I have blogged before on the new proposed rules on incentive compensation for financial institutions under Dodd-Frank Act Section 956. Today I include two brief examples of how these rules would apply. These examples also use the new terminology from the Proposed Rule, including the new definitions of “Awarded,” “Vested” (or “Vesting”), “Qualifying Incentive-Based Compensation,” and “Deferral Period.”

Assume that a Level 1 covered institution grants 10,000 performance shares to a “senior executive” on January 1, 2018, with a three-year Performance Period ending December 31, 2020. Also assume that the performance targets were achieved. On December 31, 2020, the end of the three-year Performance Period, the 10,000 shares would be deemed “Awarded” to the executive.

Because the “Performance Period” is three years, this would be a “Long-Term Incentive Plan Award” under the Proposed Rule.

Under the Proposed Rule, what we currently think of as the vesting date would be the “Award Date.” The “Vesting Date” would not occur until the end of the “Deferral Period.”

On December 31, 2020, the 10,000 shares are "Awarded” and the Deferral Period begins. Under the new Proposed Rule, 4,000 shares would be distributed to the senior executive on or after December 31, 2020, and 6,000 shares (60%) of the senior executive’s Awarded shares would be subject to Deferral Period of two years. Generally, these shares will not be Vested until the end of the Deferral Period.

During the Deferral Period, shares can vest annually on a pro rata basis. Therefore, on December 31, 2021, 3,000 shares could be Vested and distributed to the senior executive and on December 31, 2022, the remaining 3,000 shares would be Vested and distributed.

And each set of shares will remain subject to a Clawback for seven years after Vesting and distribution—until December 31, 2027, for the first 4,000 shares and until December 31, 2019, for the last 3,000 shares.

For incentive compensation with a performance period of less than three years, which the proposed rule refers to as “Qualifying Incentive-Based Compensation,” the Deferral Period is longer.

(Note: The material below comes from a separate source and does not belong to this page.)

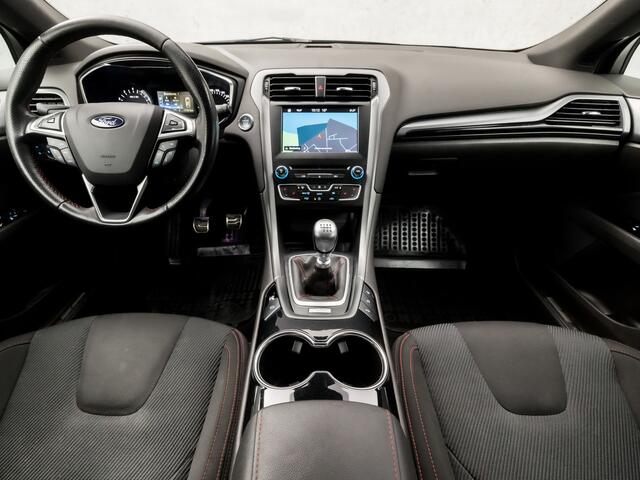 Ford MONDEO Wagon 1.5 ST Line 161Pk (APPLE CARPLAY, GROOT NAVI, STOELVERWARMING, GETINT GLAS, SPORTSTOELEN, TREKHAAK, PARKEERSENSOREN, NIEUWE APK, NIEUWSTAAT)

Assume that a senior executive at a Level 1 covered institution is paid $800,000 base salary and is entitled to annual bonus of 100% of base salary for 2018. Assume that the performance goals are achieved and on December 31, 2018, (the end of the one-year Performance Period) the executive earns an $800,000 cash bonus.

Shortly after December 31, 2018, $320,000 would be paid out to the senior executive and the Deferral Period would begin for the $480,000 (60%) of the Awarded bonus. That $480,000 could be paid out in a single lump sum after December 31, 2022, at Vesting or could be Vested and paid out in four annual installments of $120,000 after each of December 31, 2019, 2020, 202, and 2022.

Each of the cash payouts would remain subject to a Clawback for seven years after payout—until December 31, 2029, for the last $120,000.